First, I am going to explain the basics behind fields, heads, encoding and
reading. Try and absorb the theory behind encoding/reading. This will help
you greatly if you ever decide to build your own encoder/reader from scratch
(more on that later). Ferromagnetic materials are substances that retain
magnetism after an external magnetizing field is removed. This principle is
the basis of all magnetic recording and playback. Magnetic poles always occur
in pairs within magnetized material, and magnetic flux lines emerge from the
north pole and terminate at the south. The elemental parts of megstripes are
ferromagnetic particles about 20 millionths of an inch long, each of which acts
like a tiny bar magnet. These particles are rigidly held together by a resin
binder. The magnetic particles are made by companies which make coloring
pigments for the paint industry, and are usually called pigments. When making
the magstripe media, the elemental magnetic particles are aligned with their
North-South axes parallel to the magnetic stripe by means of an external
magnetic fields while the binder hardens.
These particles are actually permanent bar magnets with two stable polarities.
If a magnetic particle is placed in a strong external magnetic field of the
opposite polarity, it will reverse its own polarity (North becomes South,
South becomes North). The external magnetic field strength required to
produce this flip is called the coercive force, and is a measure of the
coercivity of the particle. Magnetic pigments are available in a variety of
coercivities (more on that later on).
An unencoded magstripe is actually a series of North-South magnetic domains
(see Figure 1). The adjacent N-S fluxes merge, and the entire stripe acts as a
single bar magnet with North and South poles at its ends.
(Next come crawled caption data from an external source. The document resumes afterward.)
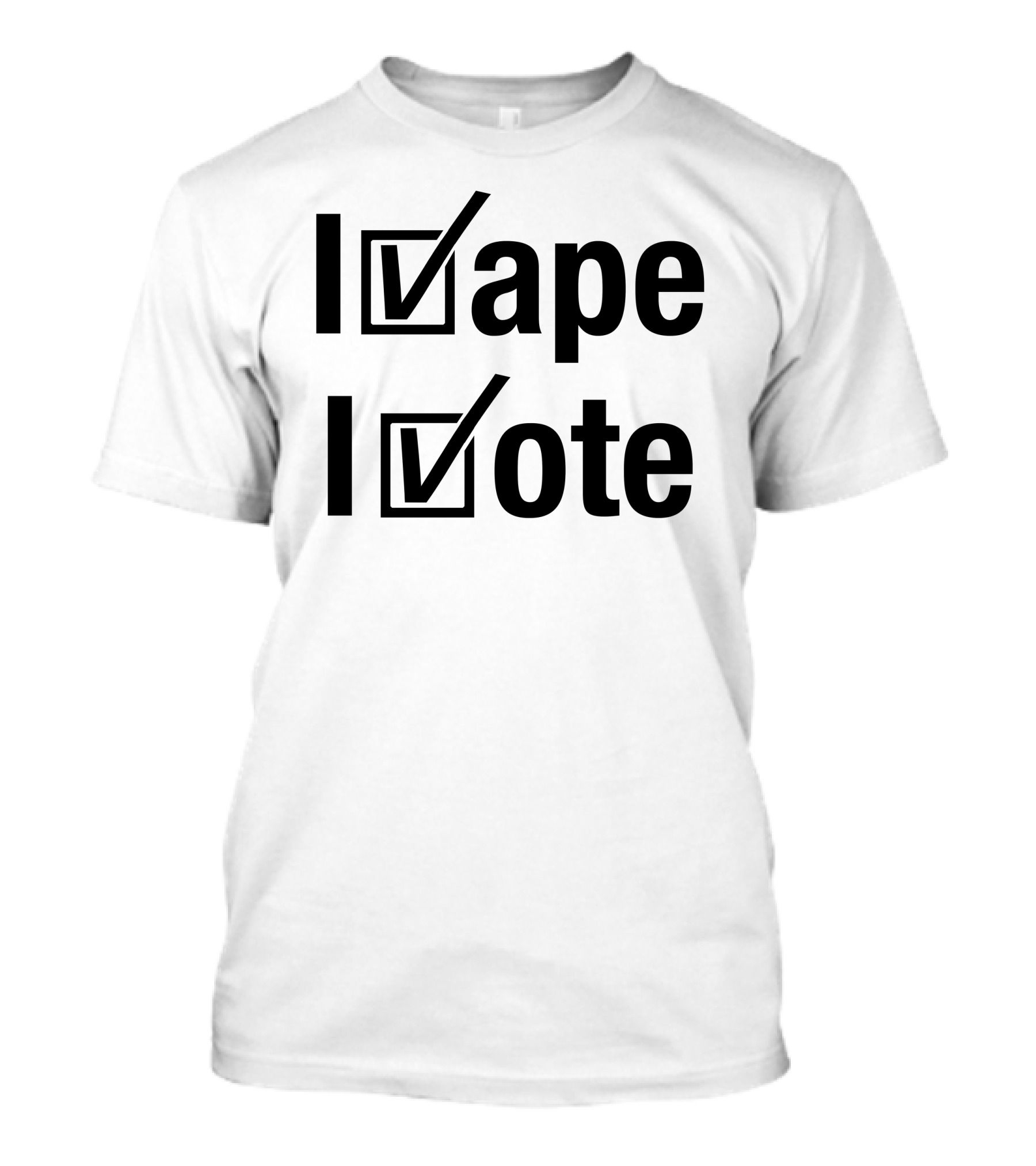 I Vape I Vote Checkbox Symbol Voting Advocacy T-Shirt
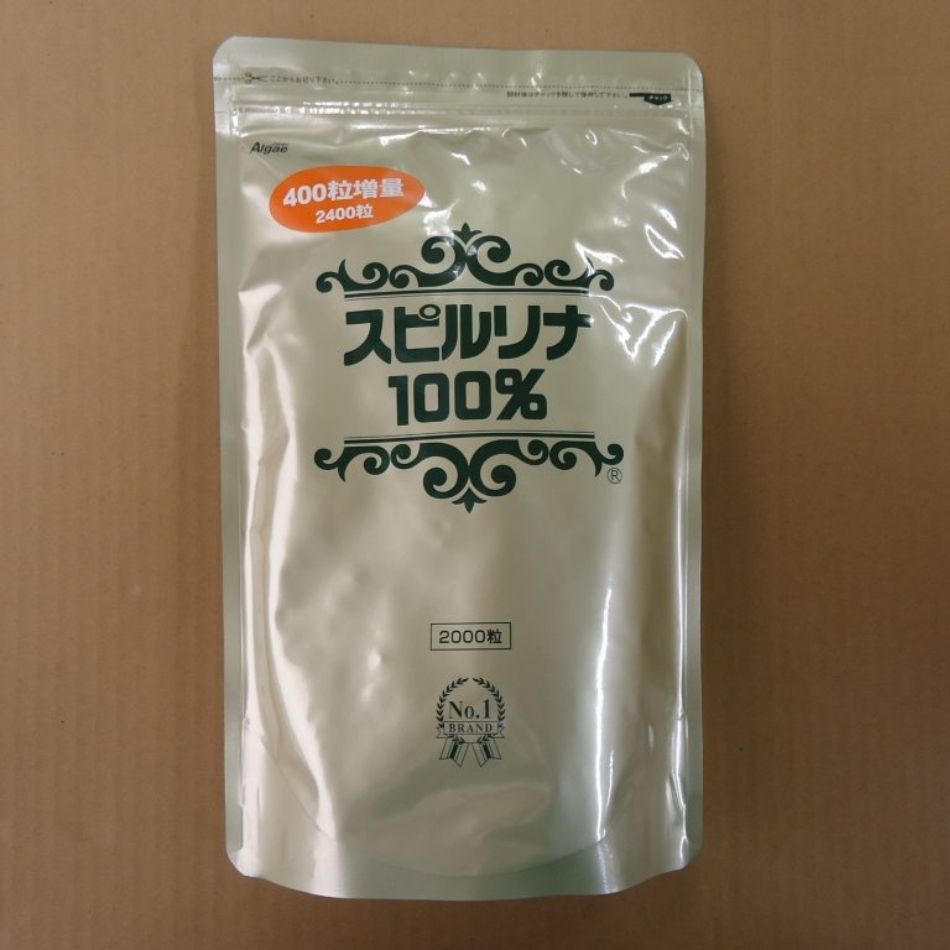 Tảo xoắn Spirulina 100% 2400 viên Japan Algae 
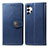 Coque Portefeuille Livre Cuir Etui Clapet S05D pour Samsung Galaxy A32 5G Bleu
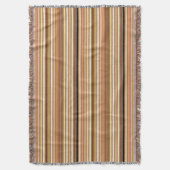Chalk Stripes - Camel Tan und Gold Decke (Vorderseite Vertikal)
Figure 1: N-S.N-S.N-S.N-S.N-S.N-S.N-S.N-S <-particles in stripe
---------
represented as-> N-----------------------------S
However, if a S-S interface is created somewhere on the stripe, the fluxes will
repel, and we get a concentration of flux lines around the S-S interface (same
with N-N interface). Encoding consists of creating S-S and N-N interfaces, and
reading consists of (you guessed it) detecting 'em. The S-S and N-N interfaces
are called flux transitions, or flux reversals.
The external magnetic field used to flip the polarities is produced by a
solenoid, which can reverse its polarity by reversing the direction of current.
An encoding head solenoid looks like a bar magnet bent into the shape of a ring
so that the North/South poles are very close and face each other across a tiny
gap. The field of the solenoid is concentrated across this gap, and when
elemental magnetic particles of the magstripe are exposed to this field, they
polarize to the opposite (unlike poles attract). Movement of the stripe past
the solenoid gap during which the polarity of the solenoid is reversed will
produce a single flux reversal (see Figure 3). To erase a magstripe, the
encoding head is held at a constant polarity and the entire stripe is moved
past it. No flux reversals, no data.
| | <----wires leading to solenoid
| | (wrapped around ring)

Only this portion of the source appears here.